MEMORIA IMBORRABLE (Recuerdos Entrañables)

Yo idolatraba a mi abuelo Silvino. Mi abuelo Silvino era un sabio de los grandes, de los verdaderos. Sabía muchísimo y todo lo que sabía lo había aprendido de la vida y de la gente a la que sabía escuchar, comprender y respetar. A él le habría gustado haber podido aprender también cosas de los libros, pero no pudo pues de muy pequeño había acompañado a su padre a la mar donde subidos en la pequeña y vetusta barca suya salían a ganar, pescando, el sustento de la familia.
Como muchos viejos lobos de mar, mi abuelo Silvino conocías los nombres de todos los peces de la zona en la que él se movía, como apresarlos y algo primordial para llegar a viejo, sentía el aviso de las tormentas mucho antes de que llegaran donde se encontraba él, pues me decía, si por ser día festivo, yo lo acompañaba:
—Hoy no echaremos las redes. Hoy nos quedaremos cerca pescando al volantín. Dentro de un rato la mar se pondrá furiosa y destructiva bastante cerca de aquí.
Nos quedábamos a corta distancia de la costa y cuando las olas, el viento huracanado y las primeras gotas nos azotaban, nosotros regresábamos a tierra.
Estoy evocándole en este momento porque yo acabo de llegar del supermercado y mi mujer me ha señalado que, de las varias cosas que debía comprar, se me ha olvidado la docena de huevos. Me he echado a reír y ella ha querido saber de qué me reía.
—Me río de que mi memoria me falla más ya, que una escopeta de feria.

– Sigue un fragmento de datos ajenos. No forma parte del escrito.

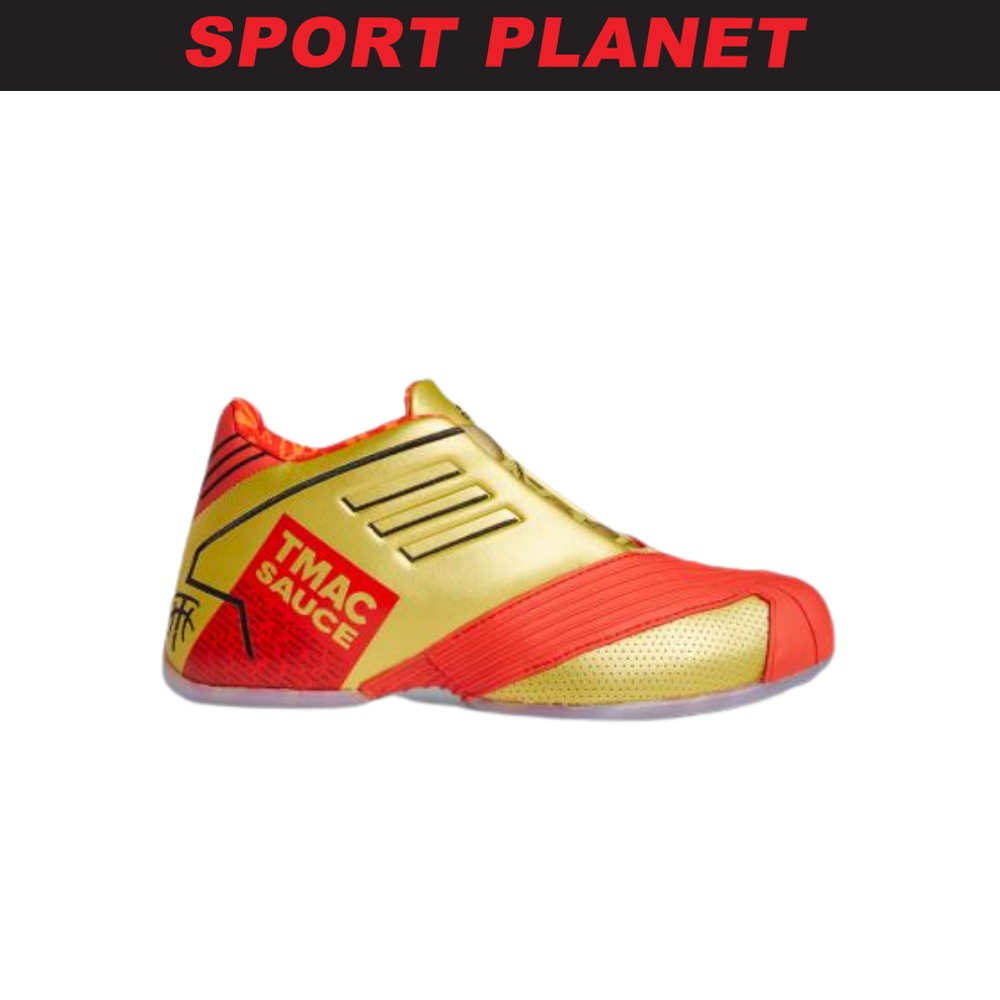 Adidas china basketball clearance xp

—Como decía tu abuelo Silvino.
—Sí, como decía mi abuelo Silvino.
He cerrado los ojos y viajando al pasado he podido verlo y escucharlo:
<<Niño, cuando se llega a mi edad, la memoria nos falla más que una escopeta de feria. En realidad solo te acuerdas, fijo, de dos cosas: de tu nombre y… ya se me ha olvidado la otra…>>.
—¿De qué te ríes? —quiere saber mi mujer.

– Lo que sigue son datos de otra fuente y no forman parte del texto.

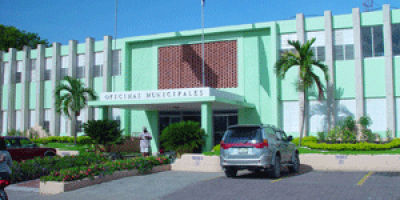 ayuntamiento_de_sosua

—De nada. De cosas antiguas mías.
—Estás enfermo de nostalgia —me dice, divertida.
—Eso no me preocupa. Es una enfermedad saludable, benigna, simpática.
—Eso creo yo también —dándome ella un leve tirón de oreja, un mohín travieso curvando sus labios—. Cuando termines lo que estás haciendo vas y limpias el pescado fresco que has comprado, que para algo te sirvió, de niño, ser aprendiz de pescador. ¿Cuántos años dices que tiene ese cuchillo que te regalo tu abuelo y que sigues empleando?

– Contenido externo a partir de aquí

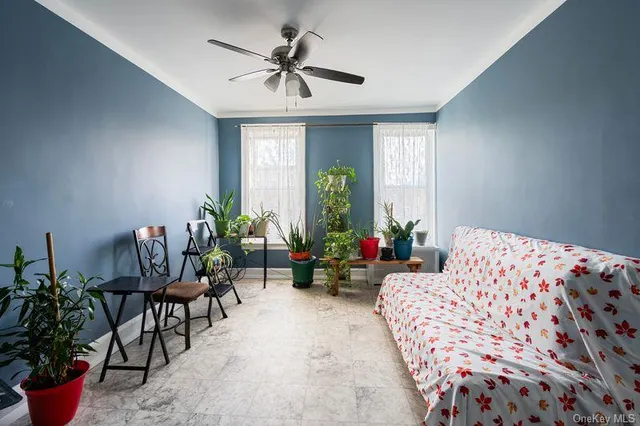 $899,999 | 387 Ashford Street | East New York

—Calcula la edad que tengo yo y añádele cuarenta y tres años que él lo tenía cuando me lo dio.
—Es un cuchillo matusalén, vamos. Te dejo, que tengo cosas que hacer.
—¿Te vas a ir así, como una tacaña cualquiera?
Ahogando su risa se ha inclinado hacia mí y me ha dado un beso.
No sé qué les pasará a otros, pero a mí estas pequeñas cosas me hacen feliz. Quizás será porque soy fácil de contentar, o quizás porque la felicidad es eso: apreciar las pequeñas cosas.